## Assignment
In the listing below, find the line with "COVE CREEK CLUB - Residential" and the line with "2021 Grady-White Freedom 235 - Photo 30", then return them and every line between them exactly, minus the pictures.

## Data to use

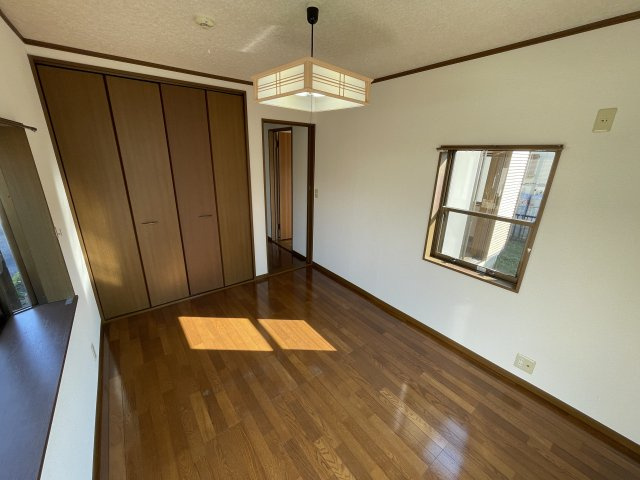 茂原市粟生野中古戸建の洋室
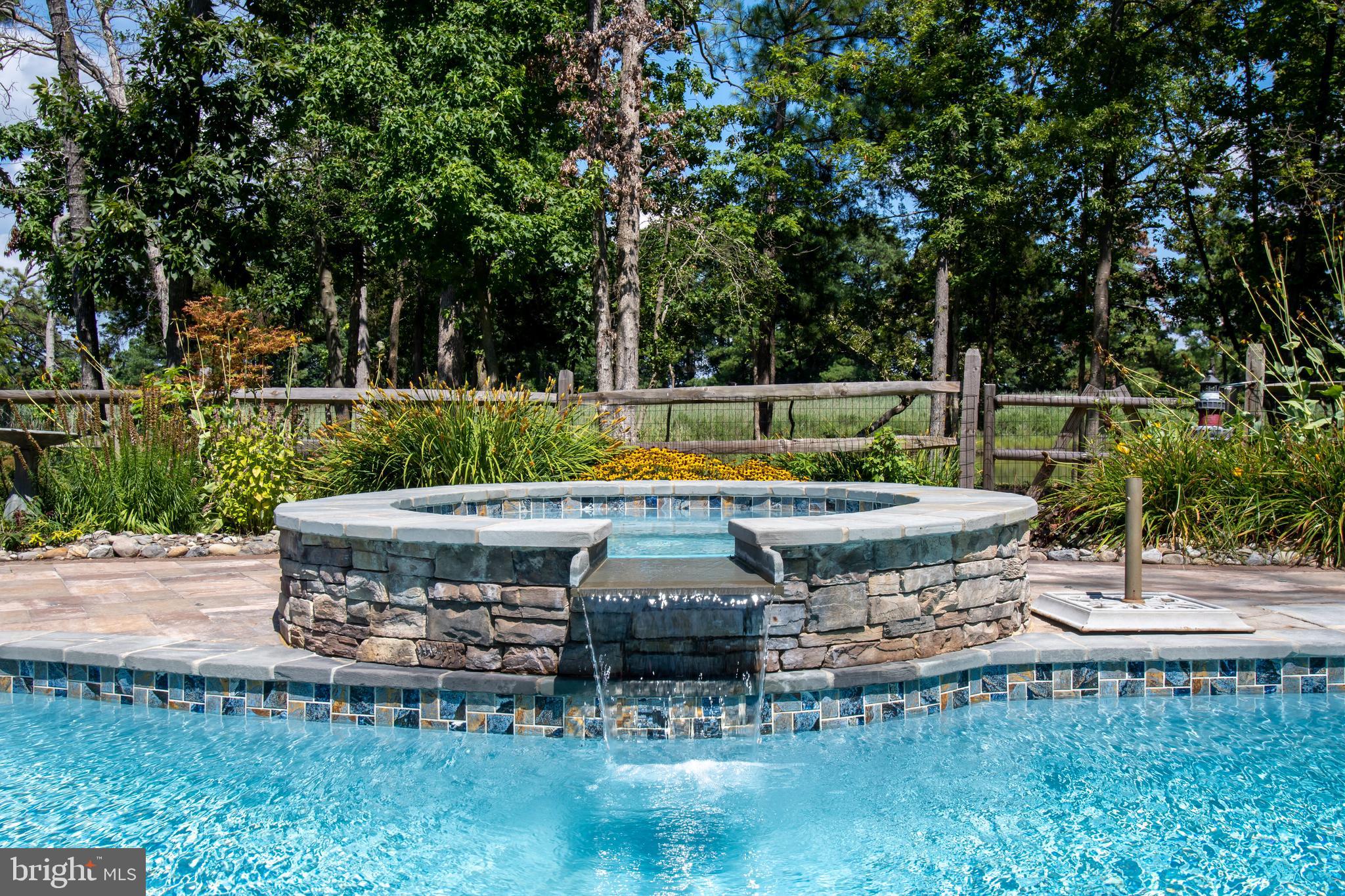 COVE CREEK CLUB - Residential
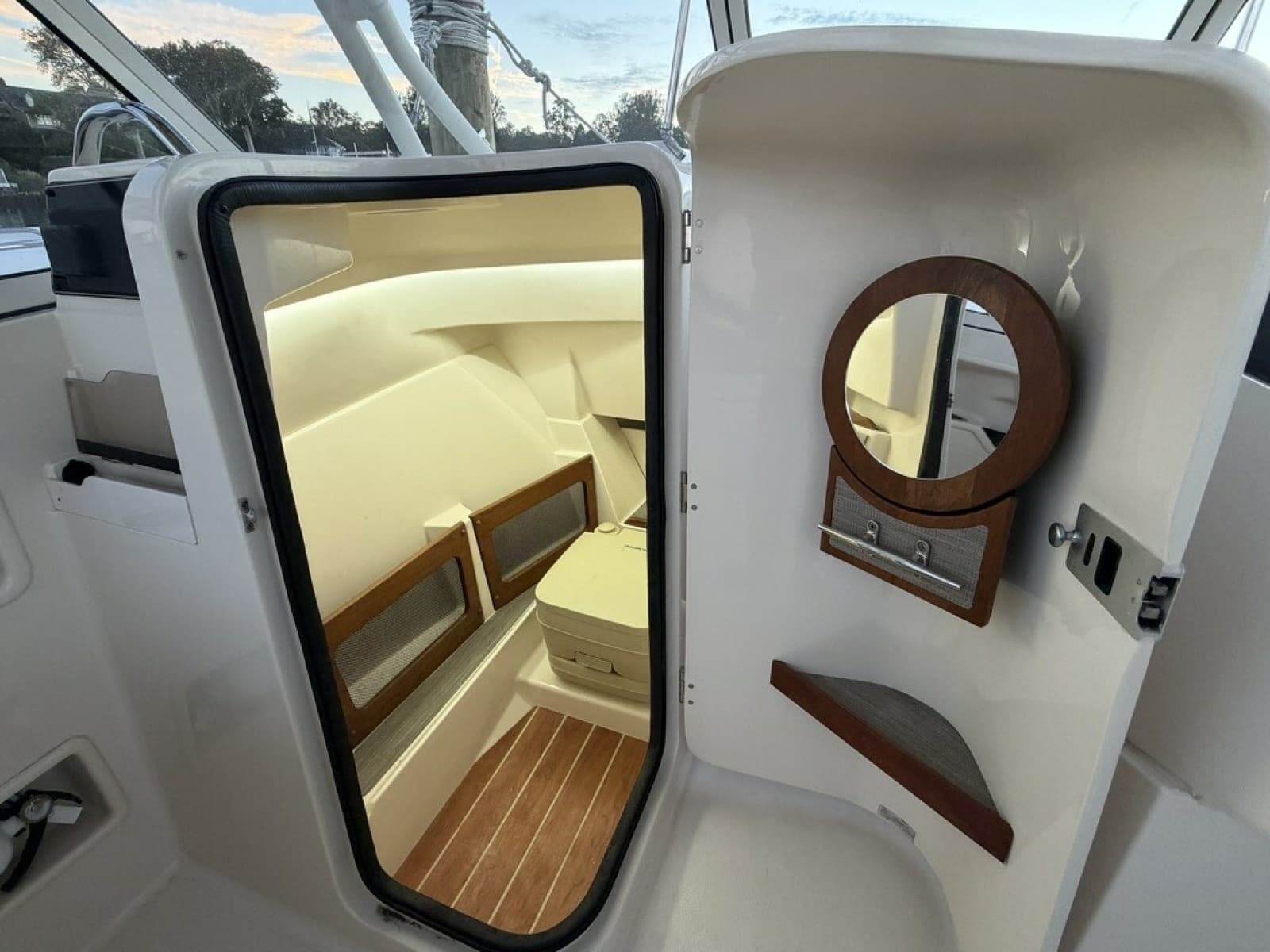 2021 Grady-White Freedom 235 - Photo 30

...

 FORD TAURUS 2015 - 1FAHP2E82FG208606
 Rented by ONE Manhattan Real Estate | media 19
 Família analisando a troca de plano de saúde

## Written response
 COVE CREEK CLUB - Residential
 2021 Grady-White Freedom 235 - Photo 30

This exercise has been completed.